定款認証制度

 会社法では、原始定款は公証人の認証を受けなければ効力を生じない、と規定されています。従って定款認証は会社設立をするには必須となります。近年、新たな定款認証制度が二つできました。それをご紹介します。

 ① 実質的支配者となるべき者の申告制度

  2018年の公証人施行規則の改正によって設けられました。公証人は定款認証の際に、嘱託人から、法人設立時の「実質的支配者」となるべき者の氏名等並びにその者が暴力団員及び国際テロリストに該当するか否かを申告させなければなりません。申告の結果、実質的支配者が暴力団員や国際テロリストに該当し、又は該当する恐れがある場合は、必要な説明を求め、説明によっても違法性が認められる場合は定款認証を拒否することとなります。この制度の目的は、実質的支配者を把握することによって、法人の透明性を高め、暴力団員等による法人の不正使用、マネーロンダリングやテロ資金供与等を抑止することです。

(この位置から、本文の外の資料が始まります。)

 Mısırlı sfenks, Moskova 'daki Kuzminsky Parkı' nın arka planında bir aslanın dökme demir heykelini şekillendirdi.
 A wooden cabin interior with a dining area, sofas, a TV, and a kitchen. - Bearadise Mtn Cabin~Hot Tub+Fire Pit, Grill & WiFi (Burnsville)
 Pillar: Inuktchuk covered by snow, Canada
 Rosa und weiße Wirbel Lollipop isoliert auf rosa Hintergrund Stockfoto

  対象となる法人は、株式会社、一般社団法人、一般財団法人です。電子定款も紙の定款も対象です。実質的支配者とは、その事業経営を実質的に支配することが可能となる関係にある者として主務省令で定める者のことをいいます。

 ② テレビ電話方式による認証

  2019年の省令改正により、一定の要件を満たす場合にはテレビ電話で公証人の本人確認を受けることができ、定款認証を受けることができるようになりました。一定の要件とは ・発起人等が定款に電子署名し、自らオンラインで認証申請をする場合 ・発起人等が委任状に電子署名し、定款作成代理人が定款に電子署名をしてオンラインで認証申請をする場合 です。

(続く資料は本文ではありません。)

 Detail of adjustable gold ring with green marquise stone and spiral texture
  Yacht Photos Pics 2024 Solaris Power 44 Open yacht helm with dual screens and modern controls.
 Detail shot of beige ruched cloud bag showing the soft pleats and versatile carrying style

  しかしどの場合も発起人に電子署名をしてもらう必要があります。電子署名の手続きは結構手間がかかるため、発起人にとってあまり便利な制度とは言えませんでした。これを受け2020年からは発起人等が電子署名できない場合に、代理人に紙の委任状で定款作成を委任すれば、テレビ電話方式による認証制度が利用できるようになりました。